#### Task to carry out
Begin at the line holding "德理创新进化普及系列——功能导向组织模式" and set down exactly each line through the last one below, omitting pictures. Include nothing else.

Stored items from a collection
- - - - -
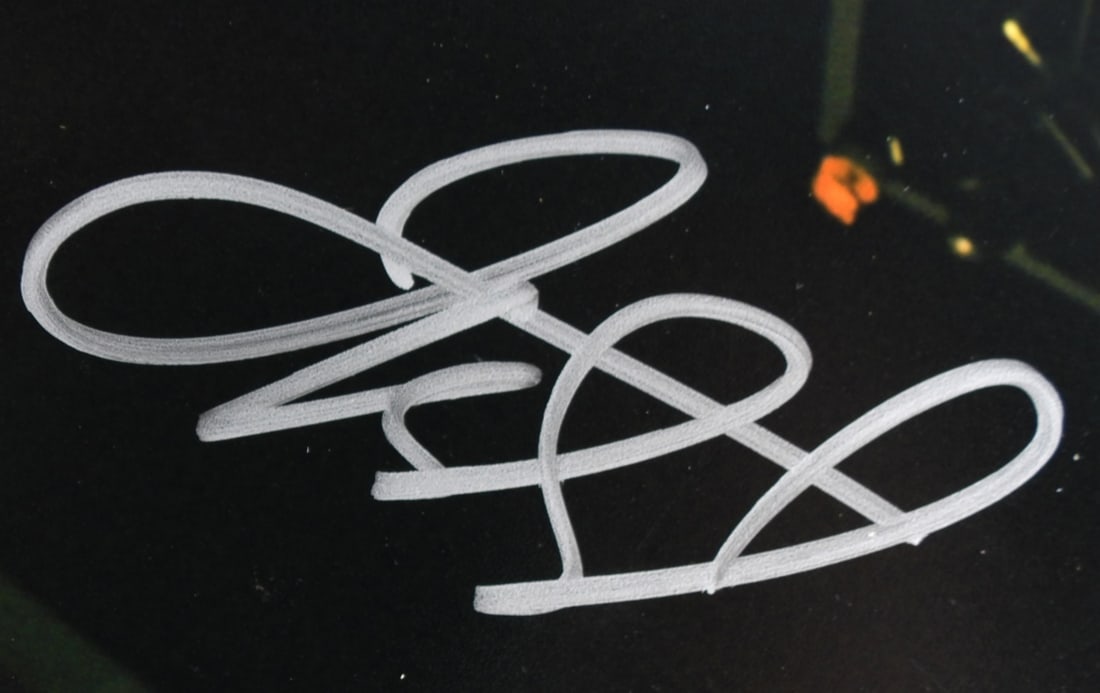 Jason Kidd Signed Photo - 4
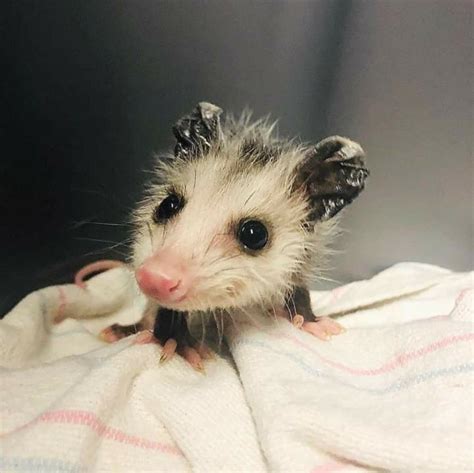 Adorable Baby Opossum Neferast Baby Opossum Opossum Animals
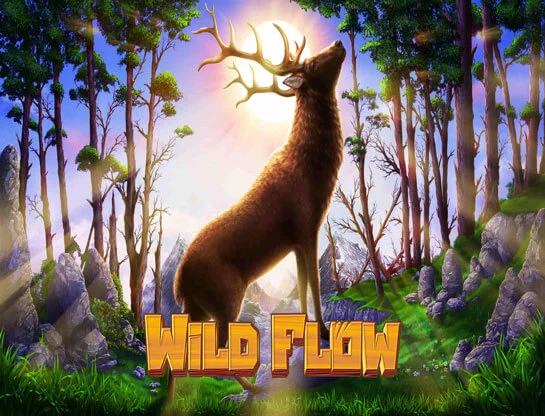 Wild Flow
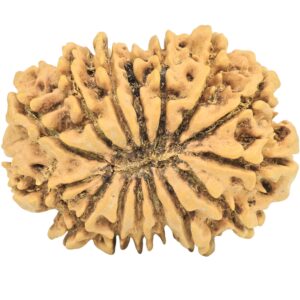 15 Mukhi Rudraksha 29.5mm 4.17gm - Rudraksha back
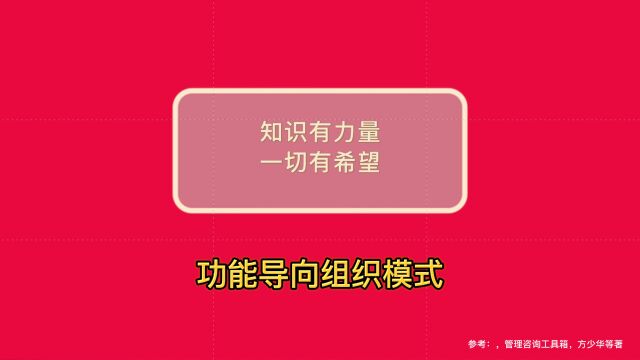 德理创新进化普及系列——功能导向组织模式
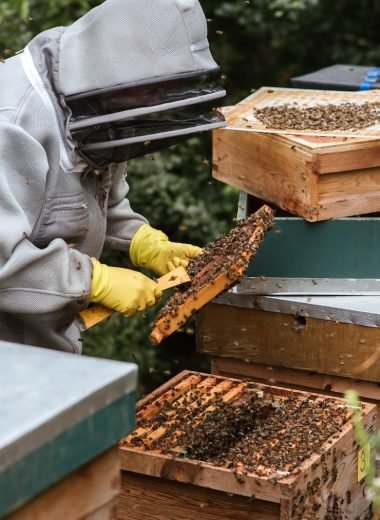 Beehive Rental Programs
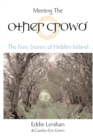 Meeting the Other Crowd : The Fairy Stories of Hidden Ireland - Book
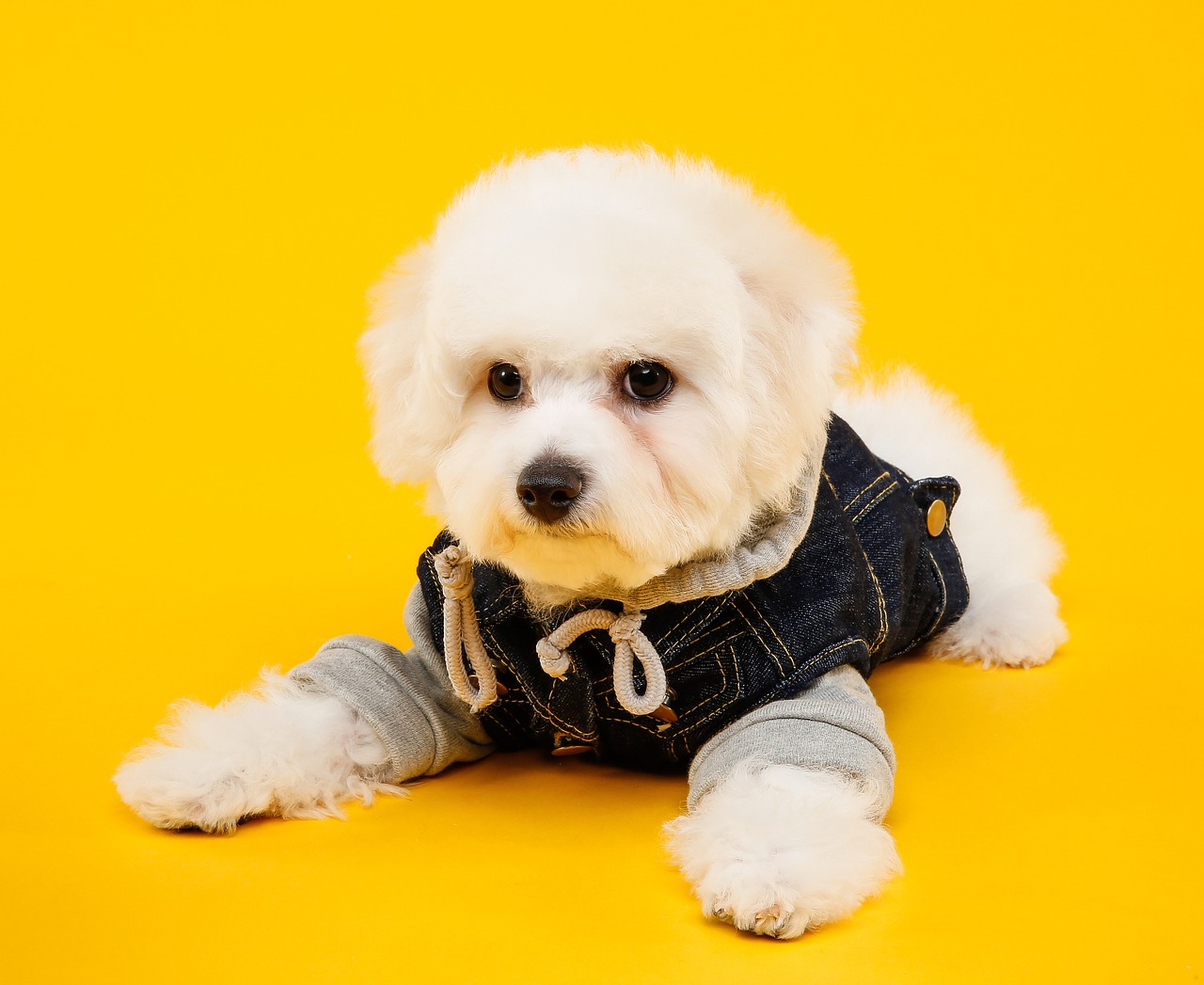 dog puppy cute free photo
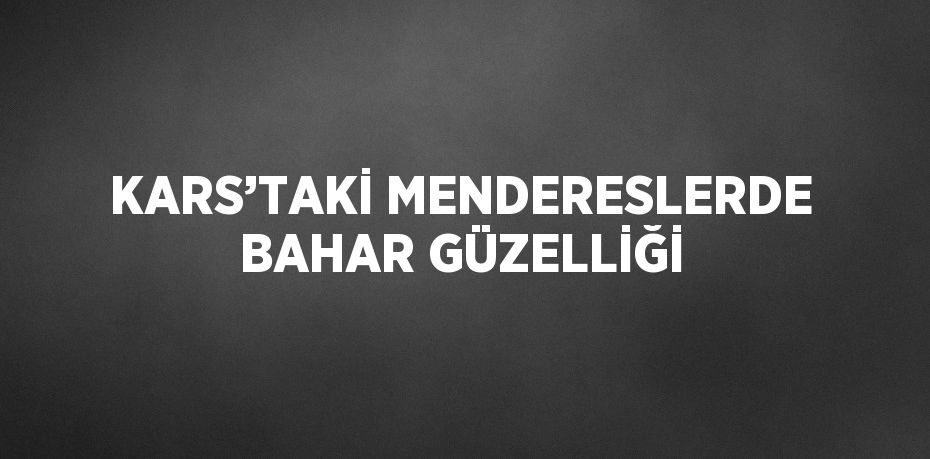 KARS’TAKİ MENDERESLERDE BAHAR GÜZELLİĞİ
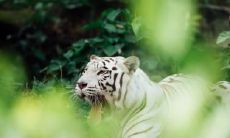 虎人生于十一月的命运 虎败十月还是十一月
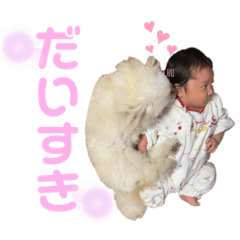 rina_20201119094708
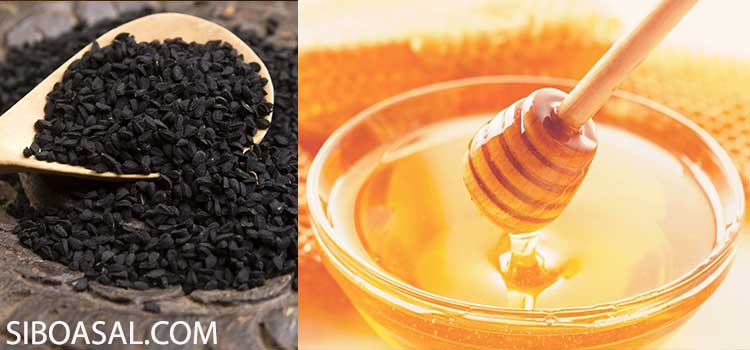 جلوگیری از ریزش مو در مقاله خواص عسل و سیاه دانه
- - - - -
#### Your response
 德理创新进化普及系列——功能导向组织模式
 Beehive Rental Programs
 Meeting the Other Crowd : The Fairy Stories of Hidden Ireland - Book
 dog puppy cute free photo
 KARS’TAKİ MENDERESLERDE BAHAR GÜZELLİĞİ
 虎人生于十一月的命运 虎败十月还是十一月
 rina_20201119094708
 جلوگیری از ریزش مو در مقاله خواص عسل و سیاه دانه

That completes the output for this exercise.